---------- SOURCE MATERIAL

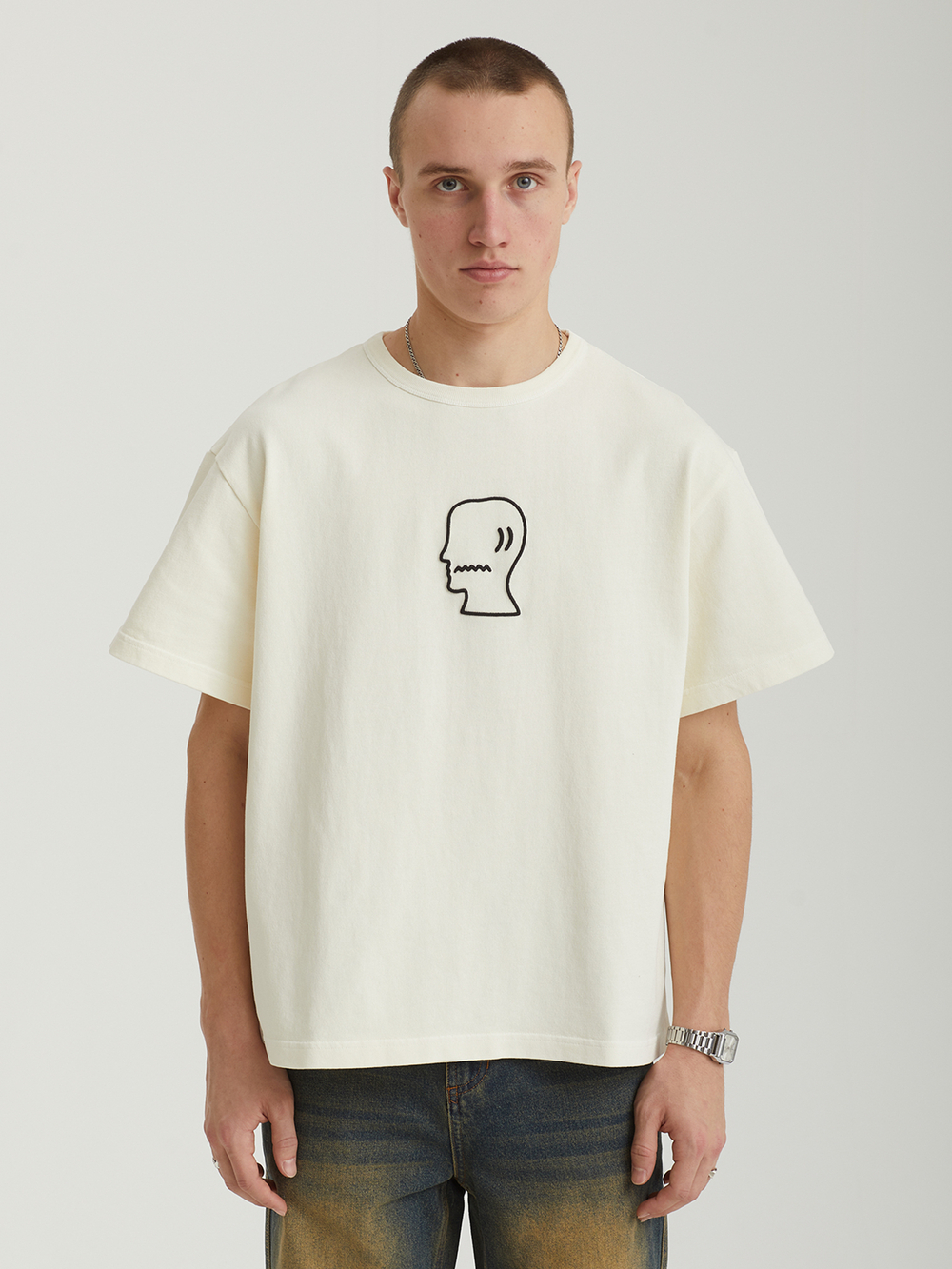 Мужская Футболка Heavyweight 3d Embroidery Logohead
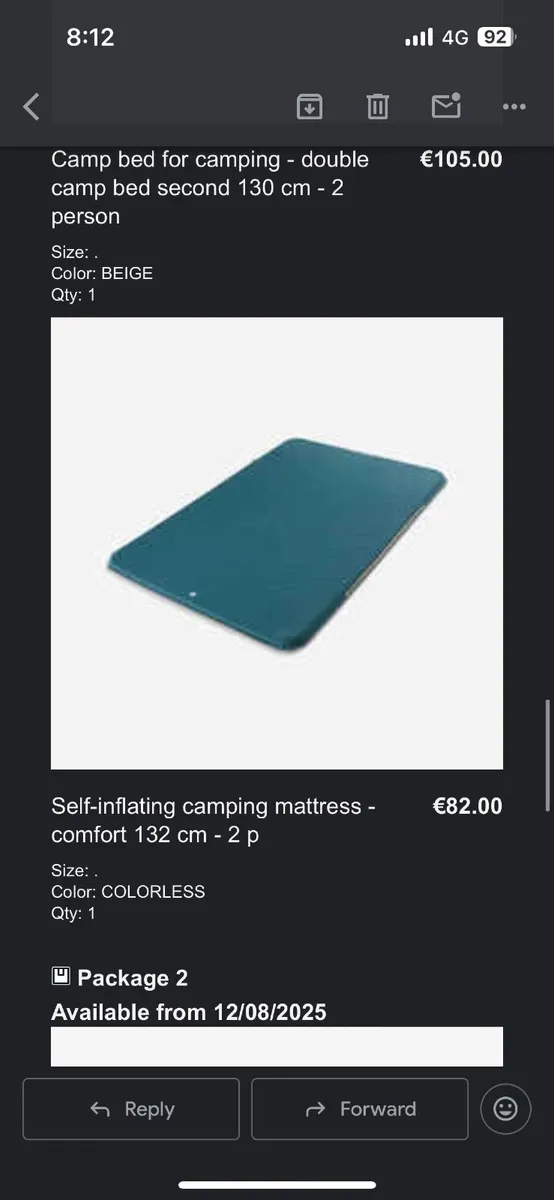 Camping bed & self inflating mattress - Image 2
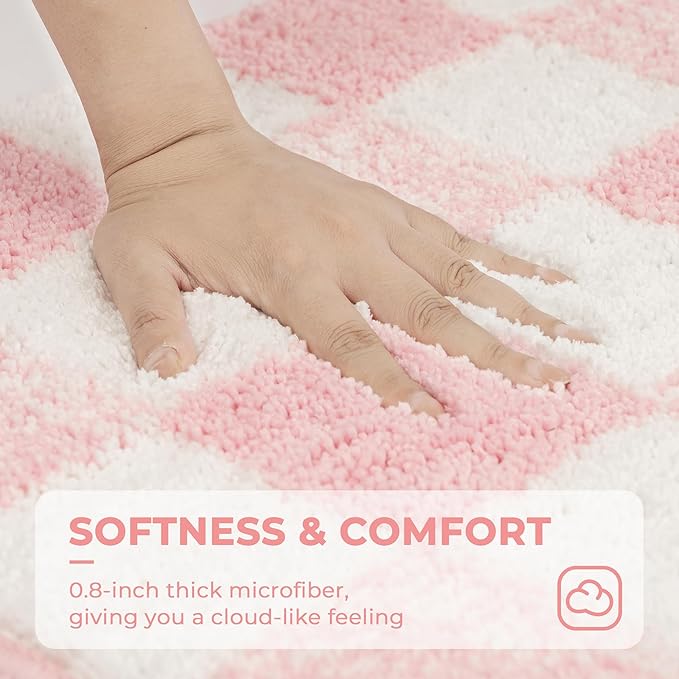 GRANNY SAYS Checkered Pink Bathroom Rugs Decor, 36" x 24", Fluffy Rug, Absorbent Microfiber Ultra Soft Bath Mat Washable, Non-Slip Bath Mats for Bathroom, Cute Floor Mat for Tub, Shower, Bedroom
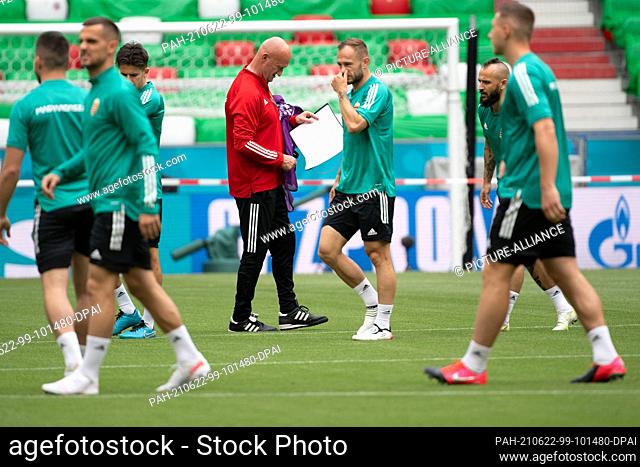 22 June 2021, Bavaria, Munich: Football: European Championship, Group F, before the match Germany - Hungary, final training Hungary in the EM-Arena Munich
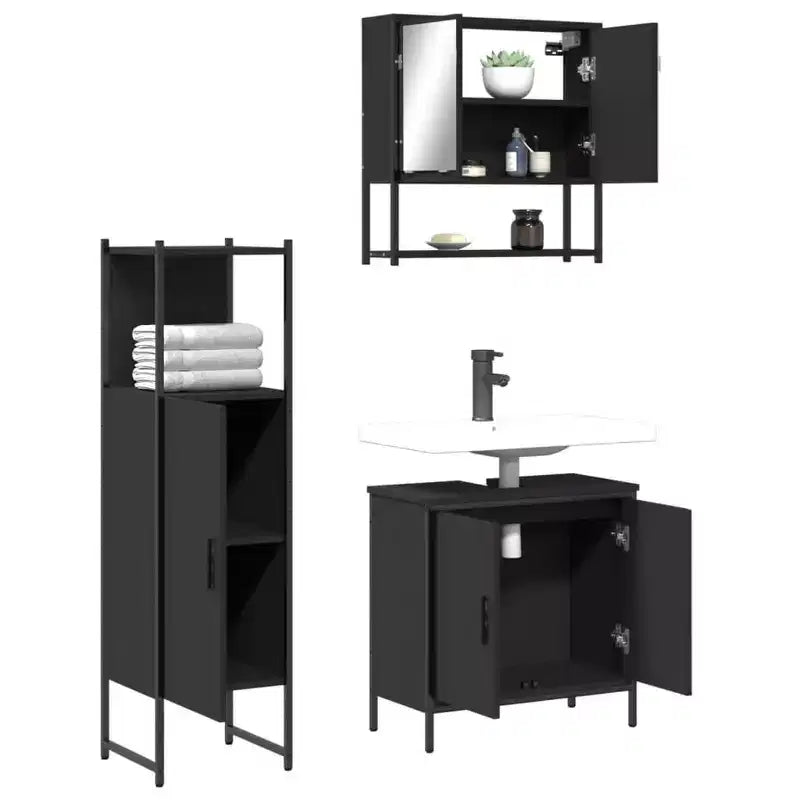 Mobile da bagno con mensola 3 pz in legno multistrato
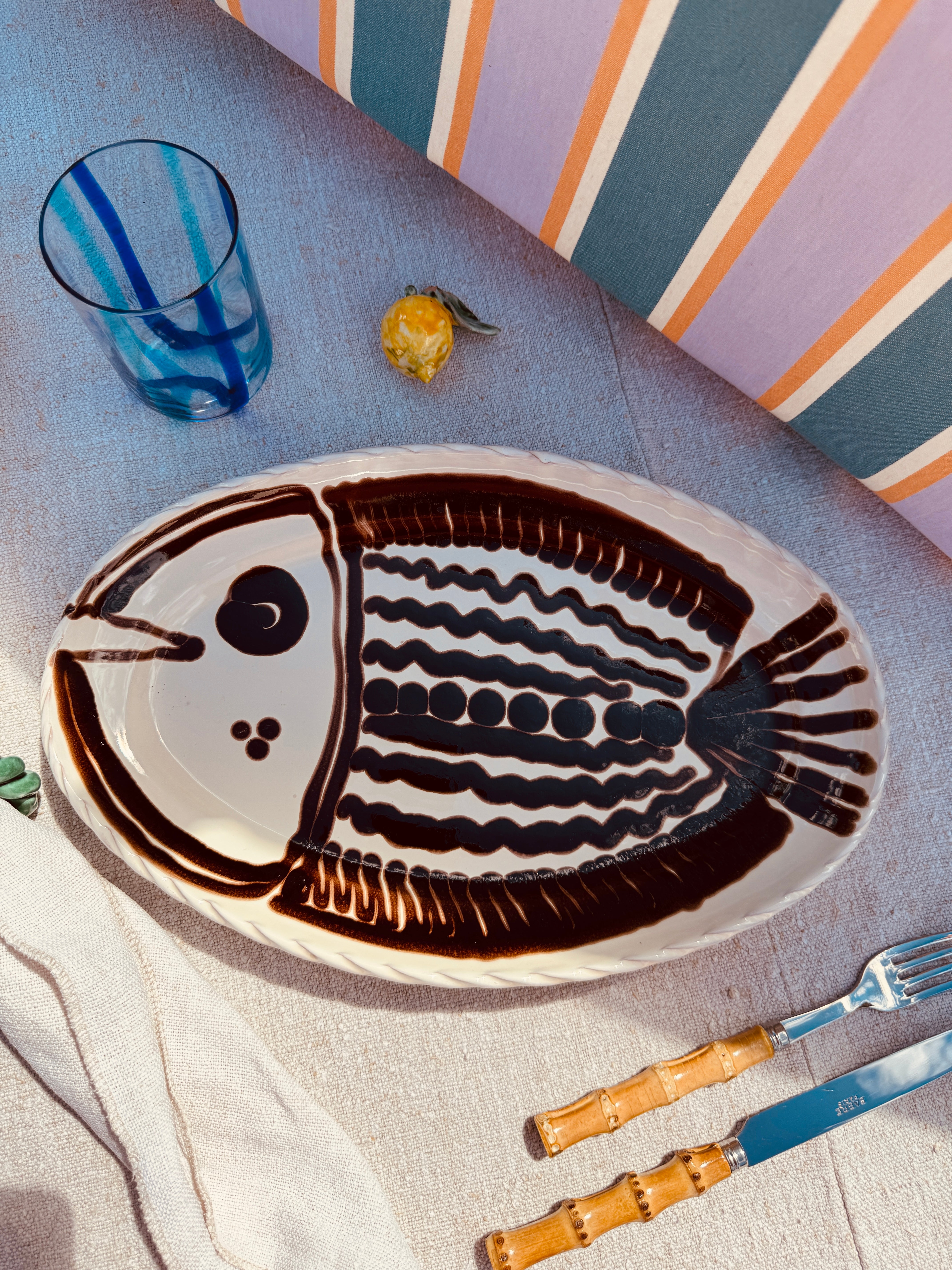 Einzelstück - Psychodelic ovale Servierplatte "Pesce di Taranto" 35X23 CM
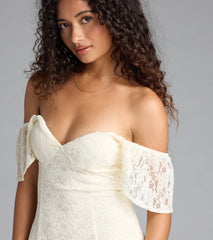 Romantic Allure Flutter Sleeve A-Line Lace Mini Dress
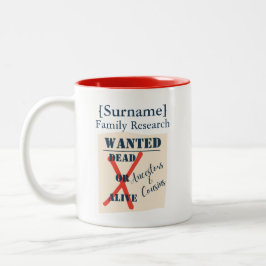 Caneca De Café Em Dois Tons Pesquisa da Família [Sobrenome] (Cartaz de Procura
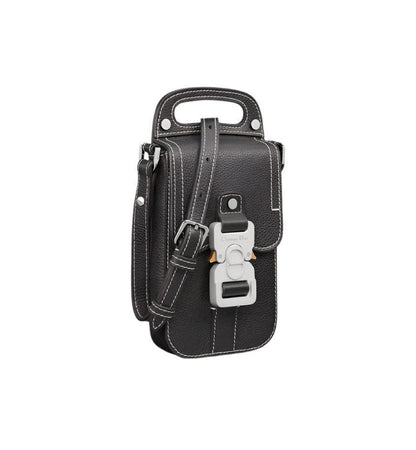 Saddle Vertical Pouch with Strap Black Dior Oblique Jacquard with Black Grained Calfskin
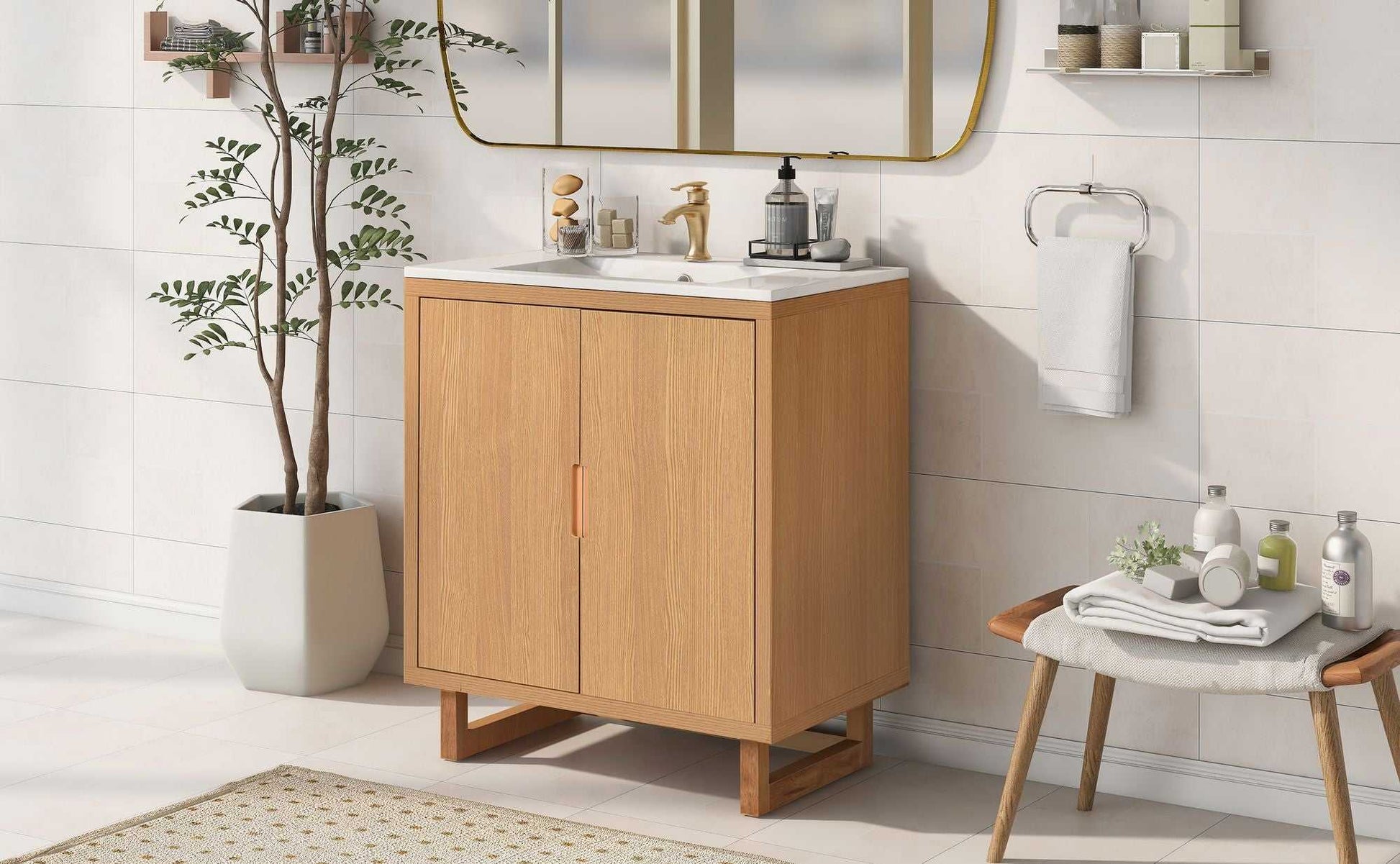30" Bathroom vanity Set with Sink, Combo Cabinet, Bathroom Storage Cabinet, Solid Wood Frame - luxuryhomedecoridea.com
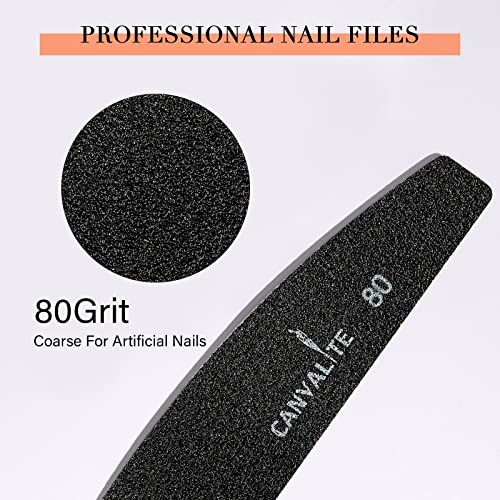 Canvalite 40 PCS Nail File Reusable Peel and Stick Nail Files Replaceable Emery Boards Nail File for Acrylic Nails Professional 80 Grit Fingernail Files for DIY Salon Use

--------------------

- _GOAL OF THE EXERCISE_: Each record above must be set down again unchanged, with its pictures left out.

- _RESULT OF THE TASK_:
 Мужская Футболка Heavyweight 3d Embroidery Logohead
 Camping bed & self inflating mattress - Image 2
 GRANNY SAYS Checkered Pink Bathroom Rugs Decor, 36" x 24", Fluffy Rug, Absorbent Microfiber Ultra Soft Bath Mat Washable, Non-Slip Bath Mats for Bathroom, Cute Floor Mat for Tub, Shower, Bedroom
 22 June 2021, Bavaria, Munich: Football: European Championship, Group F, before the match Germany - Hungary, final training Hungary in the EM-Arena Munich
 Mobile da bagno con mensola 3 pz in legno multistrato
 Einzelstück - Psychodelic ovale Servierplatte "Pesce di Taranto" 35X23 CM
 Romantic Allure Flutter Sleeve A-Line Lace Mini Dress
 Caneca De Café Em Dois Tons Pesquisa da Família [Sobrenome] (Cartaz de Procura
 Saddle Vertical Pouch with Strap Black Dior Oblique Jacquard with Black Grained Calfskin
30" Bathroom vanity Set with Sink, Combo Cabinet, Bathroom Storage Cabinet, Solid Wood Frame - luxuryhomedecoridea.com
 Canvalite 40 PCS Nail File Reusable Peel and Stick Nail Files Replaceable Emery Boards Nail File for Acrylic Nails Professional 80 Grit Fingernail Files for DIY Salon Use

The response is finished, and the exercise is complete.